__WHAT YOU WILL DO__.
Go to the line holding "Hera rooms and suites photo 4" in the data below and repeat it exactly, then each line after it up to and including the one holding "Trendyol Collection Anthrazitfarbener, kurzer". Omit pictures.

__EXERCISE MATERIAL__.
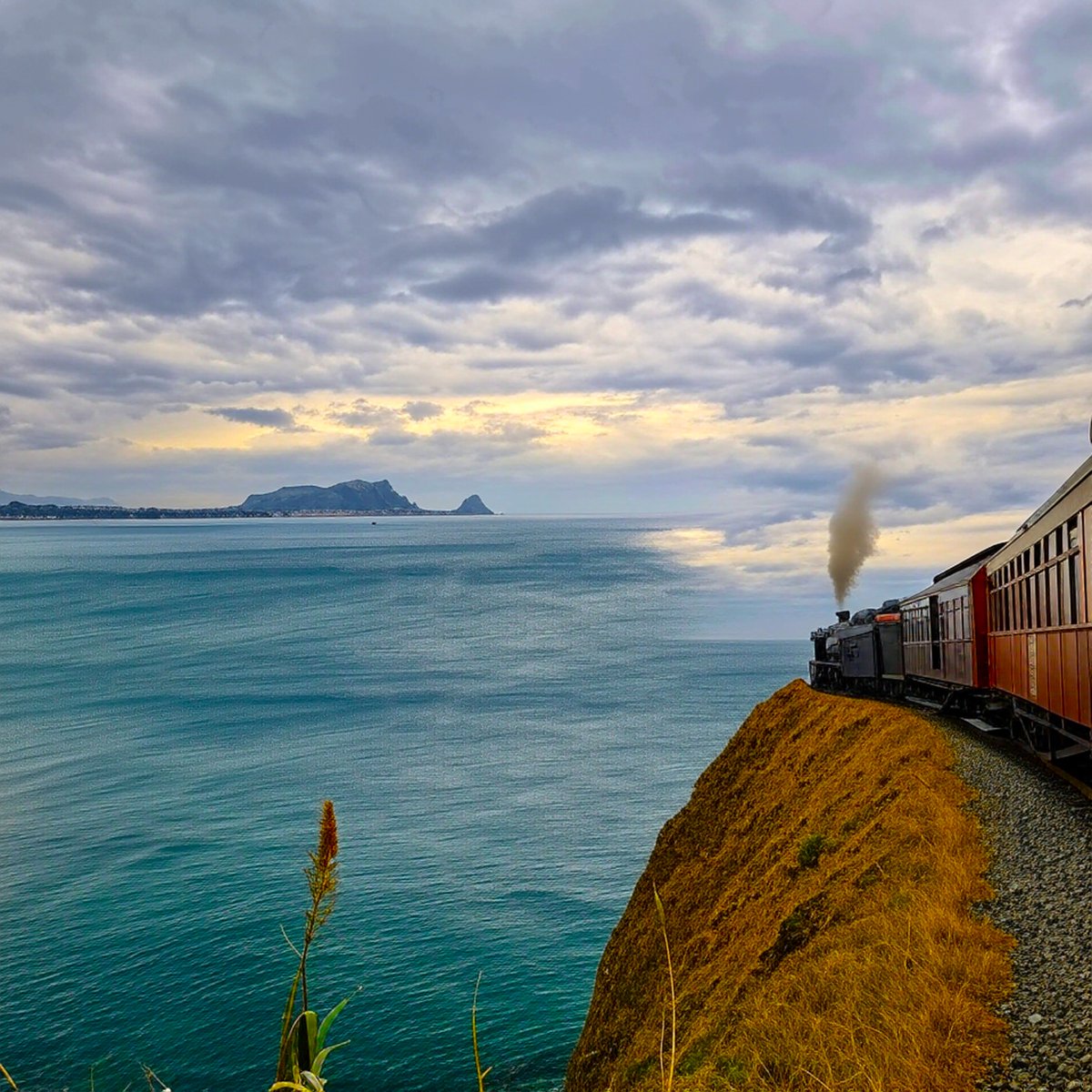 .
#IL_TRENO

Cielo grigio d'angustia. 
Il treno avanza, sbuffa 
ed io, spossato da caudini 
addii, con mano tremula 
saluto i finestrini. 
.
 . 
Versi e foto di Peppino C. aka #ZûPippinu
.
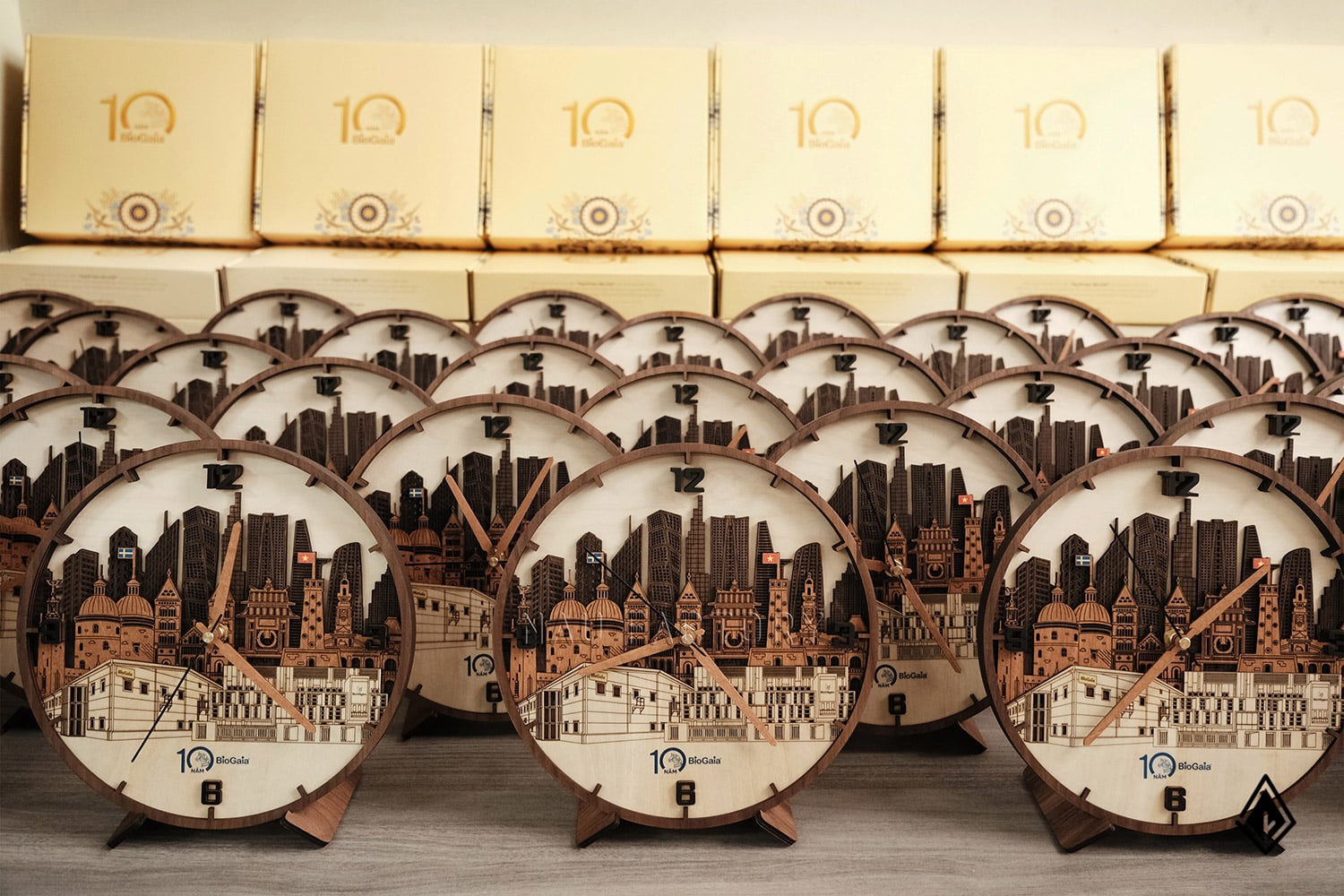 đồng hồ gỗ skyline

--

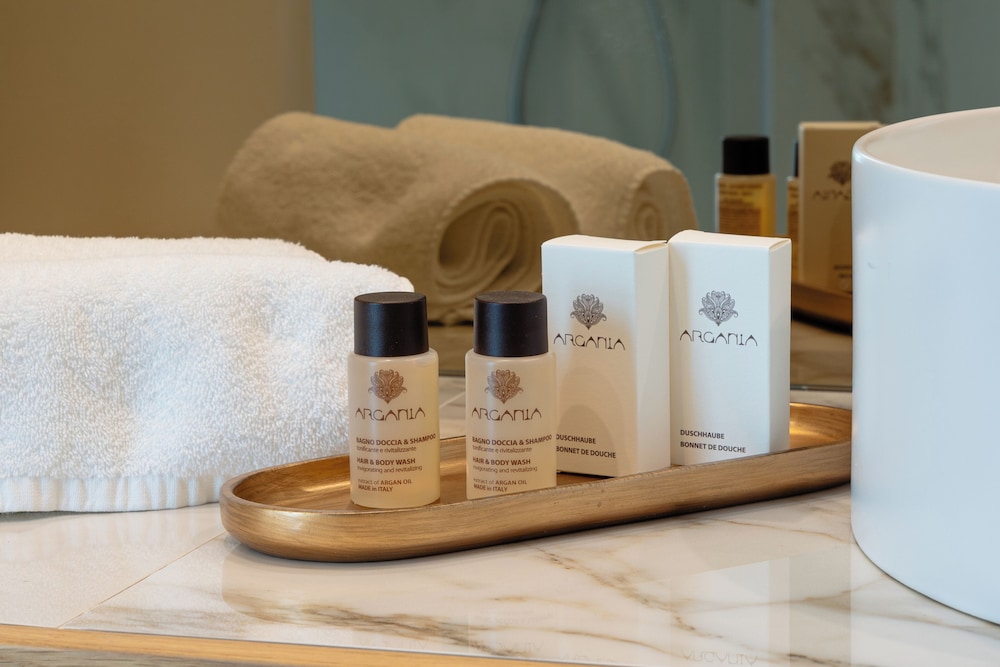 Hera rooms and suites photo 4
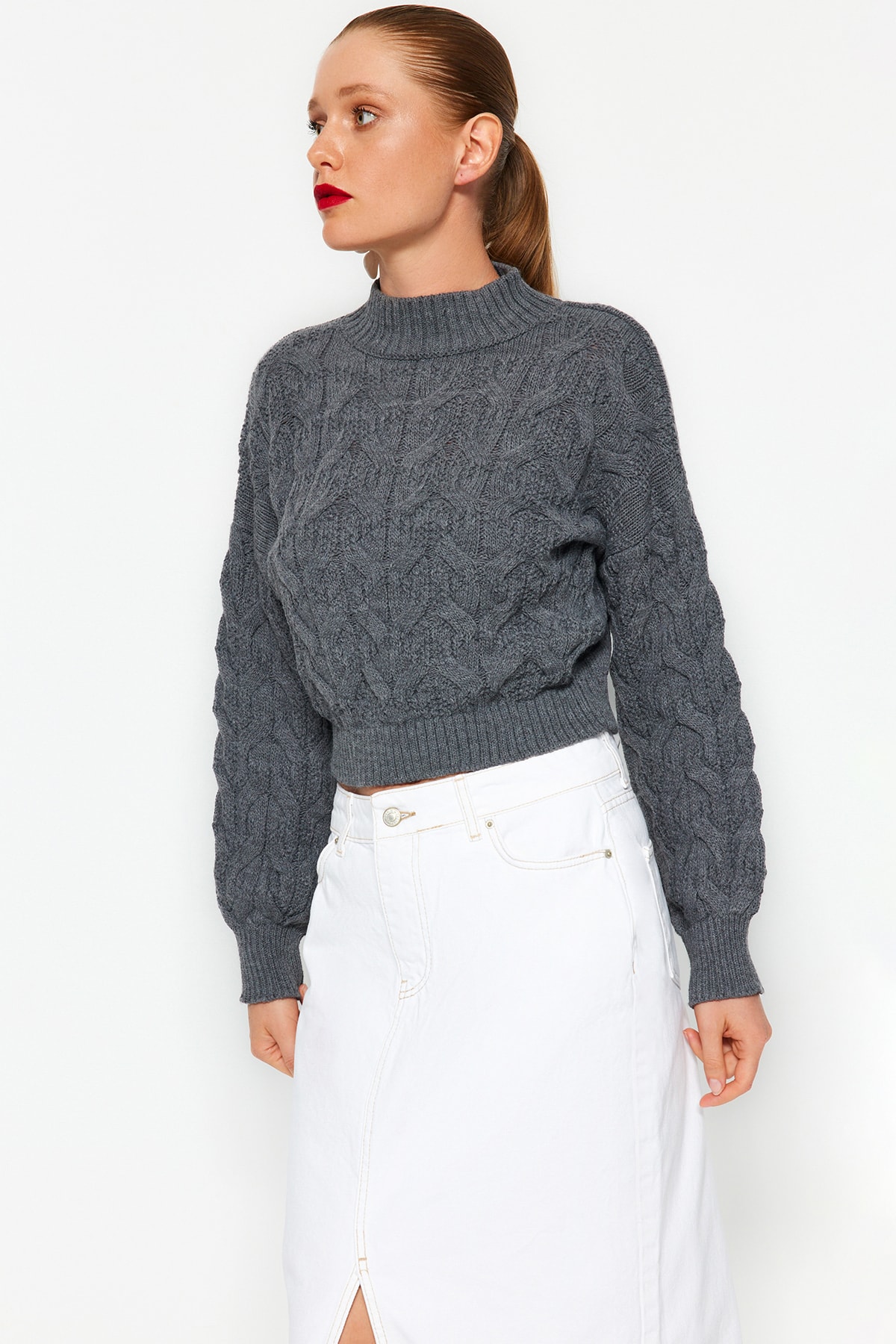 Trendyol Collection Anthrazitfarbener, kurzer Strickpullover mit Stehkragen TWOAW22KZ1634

__REPLY TO THE TASK__.
 Hera rooms and suites photo 4
 Trendyol Collection Anthrazitfarbener, kurzer Strickpullover mit Stehkragen TWOAW22KZ1634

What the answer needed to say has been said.